そのシンプルな奥深さに感動した僕は、「コース図を使い尽くしてはもったいない」と考え、ある時期にその用紙を封印してしまった(遊び方には“耐久レース”もあり、その場合はラップごとに一枚のコース図を消費していくことになる)。だから、今でもケースの中には未使用の紙がたっぷりと残っている。
マイサンにその中の一枚を与えると、大興奮してコース上にチョロバイを走らせたりして遊んでいる。CG全盛の世の中にあって、こうした紙とペンだけで夢中になれる遊びというのはとても貴重に感じるものだ。同じように方眼を利用して遊ぶ“水雷艇ゲーム”と似たようなものかもしれない。
「PEN-SEN GAME」という名前はペンを使って線を引くから名づけられたのか、今ネットで検索してみてもなんら引っ掛からないので分からない。
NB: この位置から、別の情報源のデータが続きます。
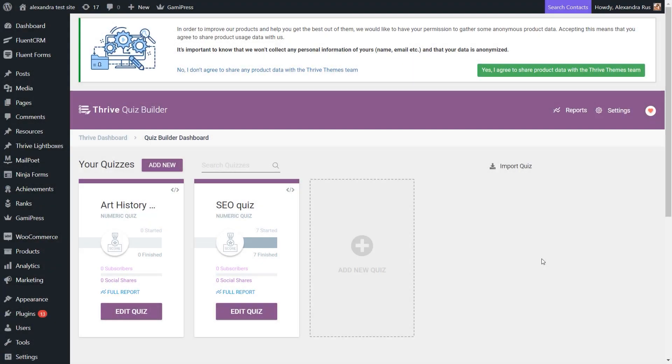In this tutorial, we will have a look at how you can add a Retake the Quiz button to your Thrive Quiz Builder quizzes.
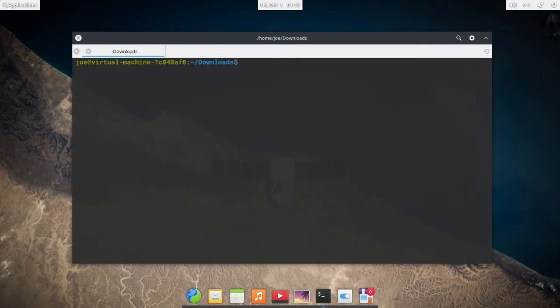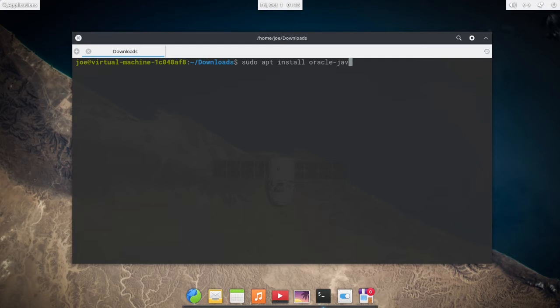Okay, next type sudo apt install oracle-java 17-installer.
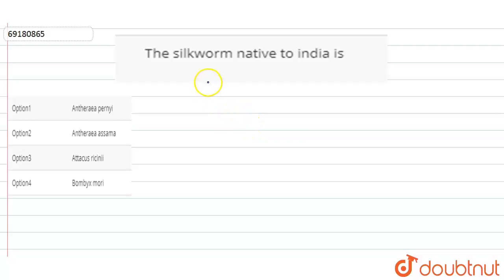Hello everyone! Today's question is: which is the silkworm native to India?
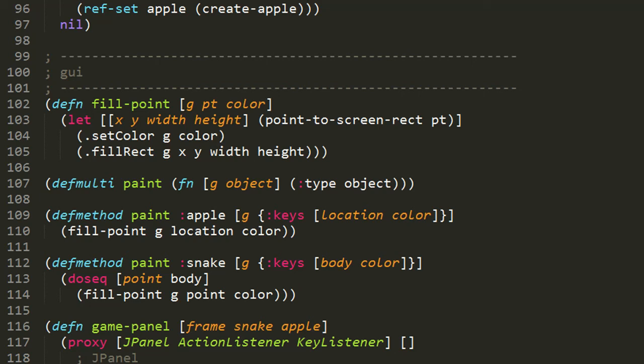So that's our mutable model, and now we can lastly look at the actual GUI stuff, the part where we create a window and draw in it and handle the keyboard input.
そもそもクレジットには「1980 (C)Noir Creations」とあるものの、これが海外のものなのか、日本で開発されたものなのかも分からない(『Printed in Japan』とは書いてある)。
コピー機もろくにない子供時代には一枚一枚が貴重だったとはいえ、考えてみればこうしたコース図、今なら描画ソフトを使っていくらでも作れるだろう。今のWGPの各コースをプリントしたりして遊べば、大人でも十分興奮できること間違いない。
バイク談義もつきてきたライダー仲間の飲み会の後半など、この紙一枚取り出せば盛り上がることうけあいなのではないだろうか。